Questions at the mirror.
Mein Wollpullover riecht nach dem Waschen wie nasser Hund. Was habe ich falsch gemacht?
Dies bedeutet normalerweise, dass der Pullover nicht gründlich genug gespült oder zu langsam getrocknet wurde. Spülen Sie ihn erneut in frischem, kühlem Wasser, drücken Sie überschüssiges Wasser sanft aus und trocknen Sie ihn flach in einem gut belüfteten Bereich. Ein leichtes Besprühen mit einer Essiglösung (ein Teil Essig auf zehn Teile Wasser) kann auch helfen, Gerüche zu neutralisieren.
Kann ich Wolle im Schonwaschgang in der Maschine waschen?
Einige moderne Wolle vertragen ein Schonwaschgang im Schonwaschgang mit Wollwaschmittel, aber Handwäsche gibt Ihnen die volle Kontrolle und ist sicherer für wertvolle Stücke. Wenn Sie eine Maschine verwenden, nutzen Sie einen Netzbeutel, kaltes Wasser und ein wollespezifisches Waschmittel. Anschließend flach an der Luft trocknen lassen.
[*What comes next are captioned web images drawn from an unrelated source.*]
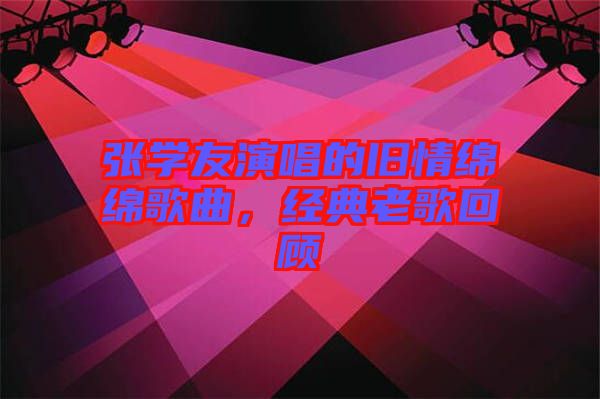 張學友演唱的舊情綿綿歌曲，經(jīng)典老歌回顧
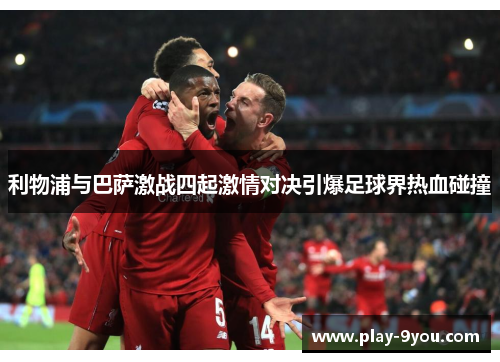 利物浦与巴萨激战四起激情对决引爆足球界热血碰撞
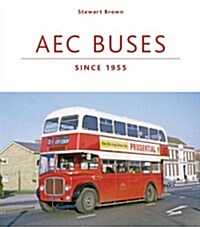 AEC Buses Since 1955 (Hardcover)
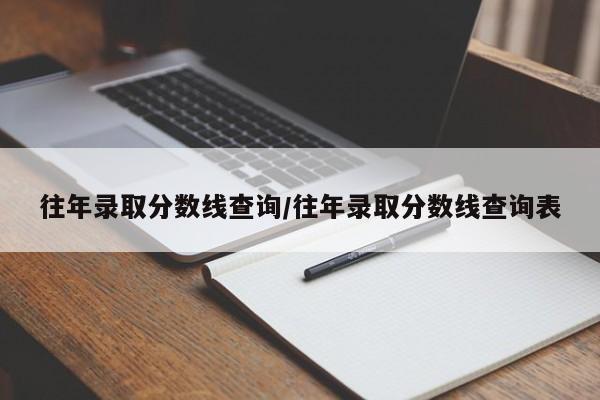 往年录取分数线查询/往年录取分数线查询表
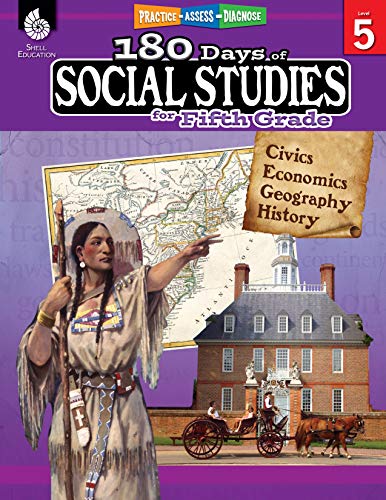 180 Days of Social Studies: Grade 5 - Daily Social Studies Workbook for Classroom and Home, Cool and Fun Civics Practice, Elementary School Level ... Created by Teachers (180 Days of Practice) book cover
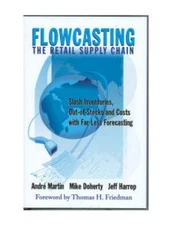 Flowcasting the Retail Supply Chain: Slash Inventories, Out-Of-Stocks and...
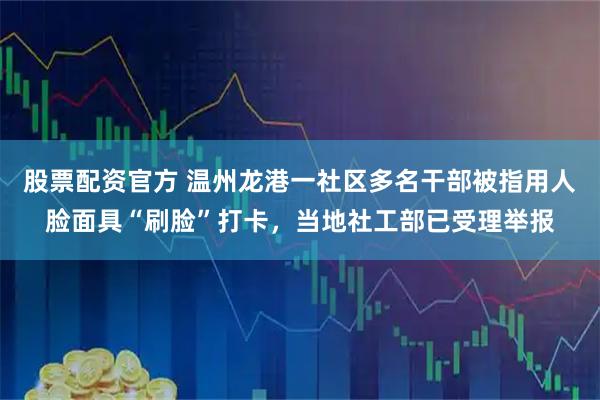 股票配资官方 温州龙港一社区多名干部被指用人脸面具“刷脸”打卡，当地社工部已受理举报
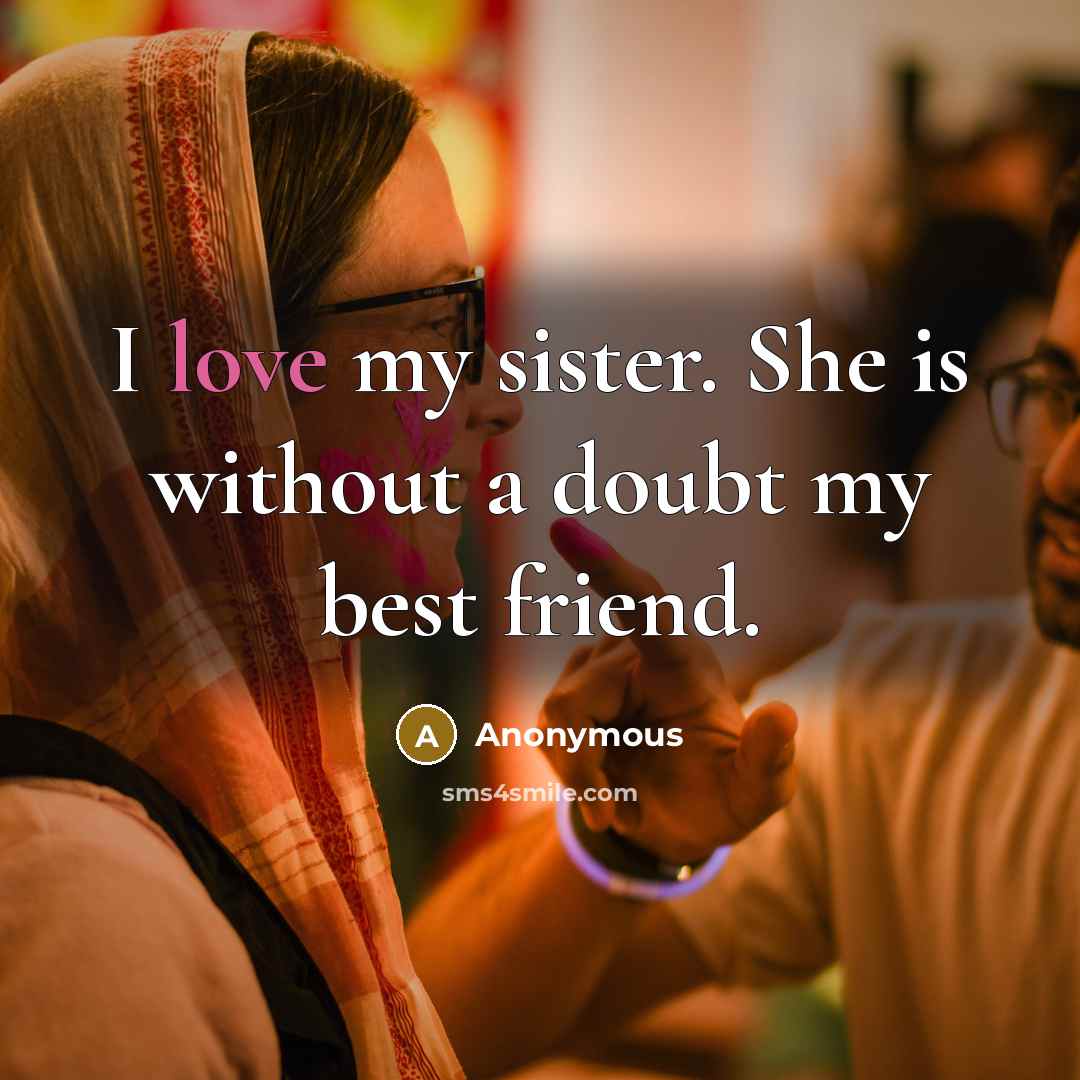 “I love my sister. She is without a doubt my…” quote by Anonymous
Mein Pullover hat Knötchen. Bedeutet das, er ist ruiniert?
Nein. Knötchenbildung ist normal und kein Zeichen für schlechte Qualität. Bürsten Sie die Oberfläche sanft mit einer weichborstigen Bürste oder einem Wollkamm in einer Richtung. Bei hartnäckigen Knötchen verwenden Sie einen Pulloverstein oder einen Stoffrasierer auf niedriger Stufe. Knötchenbildung nimmt nach den ersten paar Mal Tragen normalerweise ab.
Wie oft sollte ich Wolle tatsächlich waschen?
Seltener als Sie denken. Wolle ist von Natur aus antimikrobiell. Waschen Sie sie nach 3–5 Mal Tragen oder wenn Sie sichtbare Flecken oder Gerüche bemerken. Zwischen den Wäschen hängen Sie den Pullover draußen an die frische Luft oder legen Sie ihn flach zum Auslüften hin.